8. It is true that Section 117 of the Transfer of Property Act excludes agricultural leases from the operation of 108 except so far as the Local Government has by notification extended its provision to any particular area, but in Vasudevan Natnbudripad v. Valia Chathu Achan I.L.R. (1898) M. 47 , it was observed that a Kanom demise was not a purely agricultural lease and that rules in this Act which are founded on reason and equity might with propriety be applied to cases of this sort.

9. The provisions of Section 108(i) are in accordance with the common law right by which a tenant for an uncertain period has under the name of emblements right to the benefit of growing crops of such species as ordinarily repay the labour by which they are produced within the year in which that labour is bestowed. Although a Kanom demise is usually for a fixed period of 12 years, the period is often, as in this case, exceeded and if the Kanomdar is left in any uncertainty as to the date when his rights may be redeemed, I consider that he holds under a lease of uncertain duration.
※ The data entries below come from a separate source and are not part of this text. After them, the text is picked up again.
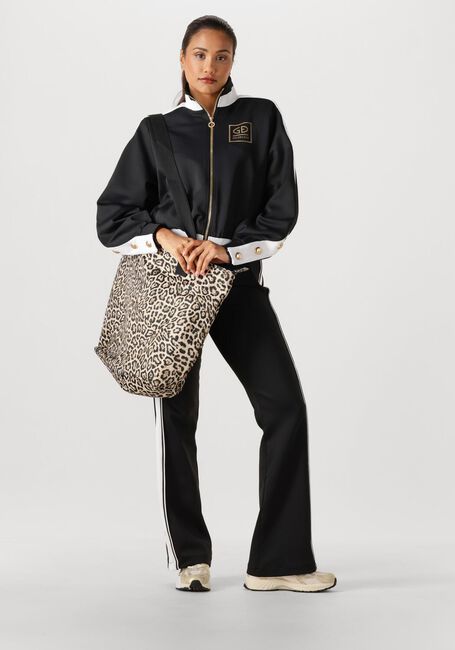 Zwarte GOLDBERGH Jack MONACO TRACK JACKET - large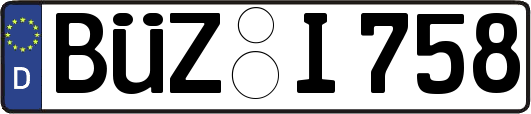 BÜZ-I758
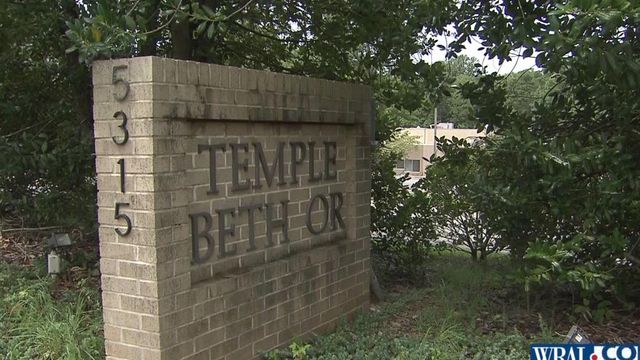 Raleigh synagogue received threatening letters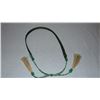 Image 1 : Braided horsehair hatband, made in Mike Durfee State Prison, Springfield, South Dakota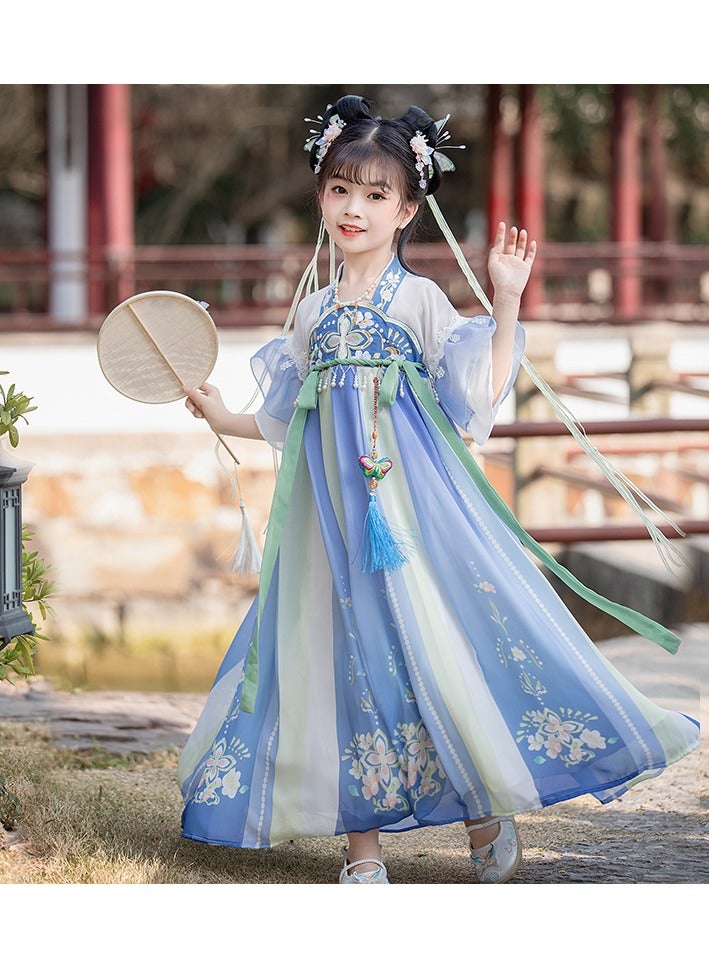 New Chinese Style Ancient Costume Princess Dress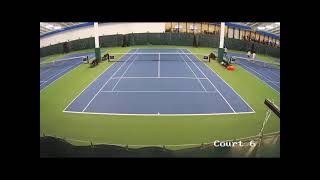 John and Fay Menard YMCA Tennis Center Court 6 Live Stream [upl. by Kila702]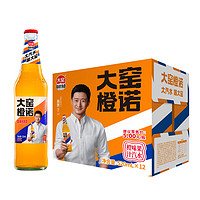 大窯 汽水橙諾橙味果汁520mL*12瓶橙諾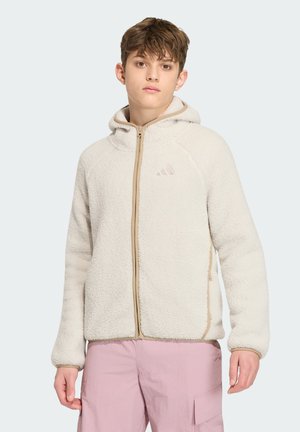 adidas Sportswear, UNISEX - Fleecejacke - beige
In this case six months' time was given from the date of the appellate decree to pay the money for redemption which would extend the time till September 23rd 1909 but the crops were actually harvested on September 15, 1909 ; and the appellant was put in possession a few days later. Ramalinga v. Samiappa I.L.R. (1889) M. 15, which was cited by appellant's pleader was a case of a mortgagee in possession who claimed, the value of crops from an execution purchaser. The mortgagee in that case did not stand in the same position as the Kanomdar in the present case who had certain rights of a tenant as well as those of a mortgagee.

10. I agree that these appeals should be dismissed with costs.